Mamapen bends a rowdy, low-brow environment to the will of its specific cultural mission

Jimi Famurewa

Pen’s unusual professional trajectory — he had a successful career in advertising before he retrained via stints at Aqua Kyoto and roving barbecue joint From The Ashes — is detectable in his approach. Yes, by this, I mean the command of live fire and smoke that is evident in the kroeung-daubed, gushingly juicy BBQ Khmer half-chicken. But I think you can also see the button-pushing ad man, here and there. Tattie mince noodles (partly inspired by Pen’s Scottish girlfriend, Mountain pastry chef Jo Garner) are like the enveloping, steamy nexus between spag bol and dan dan noodles; a warming mound of starch, heat and spud-laced beef that is the uproarious Khmer-Caledonian mash-up that you didn’t realise you needed in your life.

Not everything landed.

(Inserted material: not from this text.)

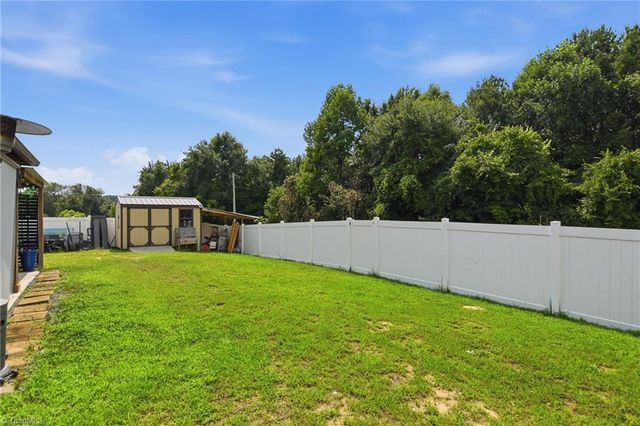 290 Tally Meadow Court, Lexington, NC 27295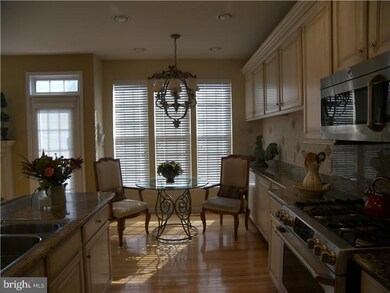 48 Charter Oak Ct unit 604, Doylestown, PA 18901 - photo 3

Pea-strewn egg-fried rice, studded with wrinkled coins of Chinese sausage, felt a touch too fridge-raidy, and I’d have liked an actual pudding beyond the pair of Happy Endings ice cream sandwiches offered.

But I am mostly just in awe of what Pen has done with his residency. Mamapen bends a rowdy, low-brow environment to the will of its specific cultural mission. It uses colour, play and inventiveness to make its mark. And, in a world of too-few Cambodian restaurants, I sincerely hope it is an indelible one.